Unthinkable Science and Thinkable Worlds
-23- Science, spirituality, and those lost between.
Science. Spirituality. These two words seem to be increasingly co-mingled. Allow me to admit right off the bat that all of the intuitions that I will express here have come to me during my very recent cave crawling escapades into some esoteric philosophy and alternative theorizing of our ancient past. Be that as it may, I can’t help but come to a dimly lit conclusion that we are in a period of retrogression - perhaps too strong a word - which will influence us for a time away from the highly disciplined world of the sciences. Among this change of scenery, we will furnish ourselves with other less abstract, and in many ways more coherent, experiential narratives; ways of talking and thinking about the world that are, shall I say, more universally accepted. We will spend less time being talked down to, and spend more time talking up our own subjective experiences.

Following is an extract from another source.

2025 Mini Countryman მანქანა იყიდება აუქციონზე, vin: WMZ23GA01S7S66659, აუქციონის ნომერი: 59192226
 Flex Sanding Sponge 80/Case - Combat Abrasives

If we look to history for a moment, we can see that there were periods of time when the earth and sky, and the enigmatic entities which possessed them, were riddles made for so-called mystics. They were children of God, prophets, messiahs, time travelers, or chosen ones. Regardless of whatever we choose to call these beings of the past, their goal, in a historical context, was typically to provide meaning for people where none might otherwise exist. It was through them, and through the stories written about them, that we came to receive many of the theories regarding our most cherished earthly mysteries. Just think, that for too long, people must have looked up at the night sky in awe of what they were seeing, until eventually, someone clever enough to notice patterns began preaching about how they could see further than anyone else had ever seen before; drawing conclusions and coming up with theories about what it all meant. Although now we may see these views as entirely primitive, we cannot deny that they were useful to the people of the time. To derive coherence from something so strange, I assume, would have felt like a major gift.

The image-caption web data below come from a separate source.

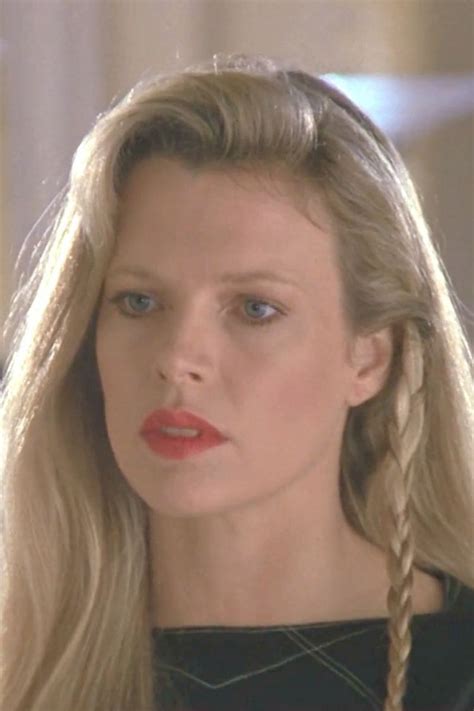 Batman Kim Basinger - Kim Basinger as Vicki Vale in Batman (1989) via @WarnerBrosStudios ...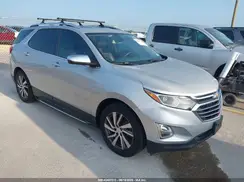2GNAXNEX2J6253677 2018 CHEVROLET EQUINOX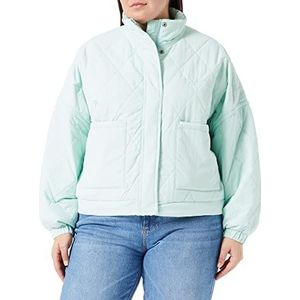 Lee Dames Light Layer Jacket, Seaglass, XX-Large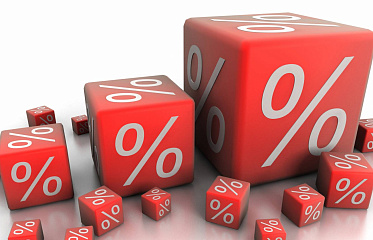 На Кипре снизились процентные ставки по кредитам и депозитам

Likewise, there were further periods when the ordinary citizen believed that the Sun rotated about the Earth. That the entire cosmos was some godlike spectacle all for them; that they were being given messages from the heavens for their subjective interpretation. The ground beneath their feet was the main focal point for everything that existed “out there”. So-called scientists as well postulated, without much certainty, that the Sun and the planets were being carried along by some invisible spiritual force. This spiritual force, as it were, was an adequate enough description for something that could not yet be explained in any more abstract terms. These descriptions, however incoherent we find them today, were at one time all that could be rendered “thinkable” to the average person. By thinkable, I simply just refer to a thought form that can be held and envisioned, and thus be conceived in the imagination. It’s important to distinguish this from mere contradiction. Contradictory thoughts, while uncomfortable, can still be held together and thought of separately, thus they are thinkable.
To contrast this, something that is “unthinkable” would be, for example, a thought about what existed prior to the universe. If you’re like me, this thought is utterly baffling. If I try to hold it in my mind, I find blankness everywhere. No amount of imagination can get me started towards a conceivable idea.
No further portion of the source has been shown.